Beneath this task are records; print exactly the stretch of them from the line with "nowa lampa z" through the line with "MyLense Oro Ice", both ends included.

• Given records:
# # #
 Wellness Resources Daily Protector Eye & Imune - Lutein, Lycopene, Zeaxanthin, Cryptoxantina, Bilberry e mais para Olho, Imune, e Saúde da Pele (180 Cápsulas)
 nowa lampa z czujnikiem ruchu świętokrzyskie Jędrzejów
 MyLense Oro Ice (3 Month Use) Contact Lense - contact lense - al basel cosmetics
# # #
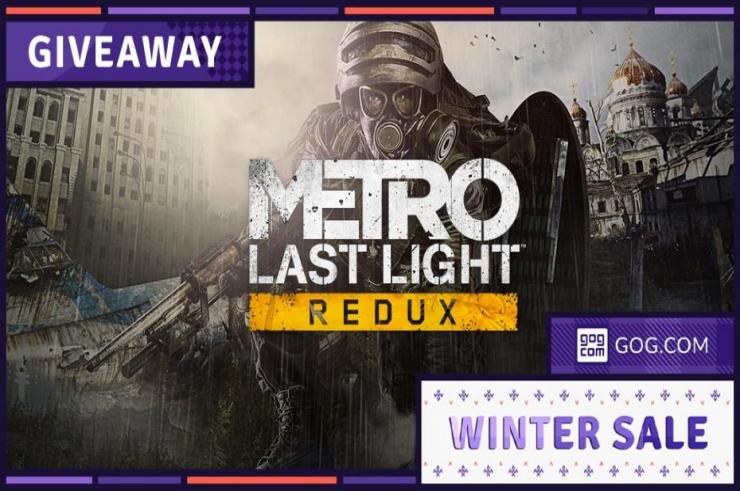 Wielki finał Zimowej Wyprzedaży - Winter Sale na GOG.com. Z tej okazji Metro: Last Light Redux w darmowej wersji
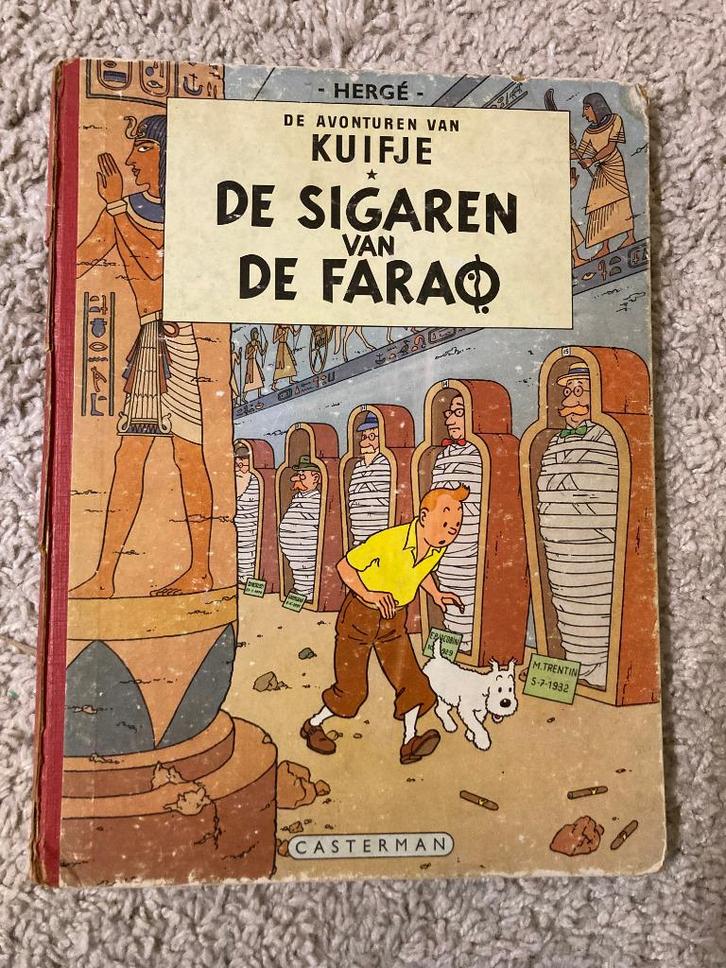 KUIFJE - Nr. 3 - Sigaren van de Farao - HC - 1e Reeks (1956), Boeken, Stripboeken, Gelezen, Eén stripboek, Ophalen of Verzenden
# # #
• Your response:
 nowa lampa z czujnikiem ruchu świętokrzyskie Jędrzejów
 MyLense Oro Ice (3 Month Use) Contact Lense - contact lense - al basel cosmetics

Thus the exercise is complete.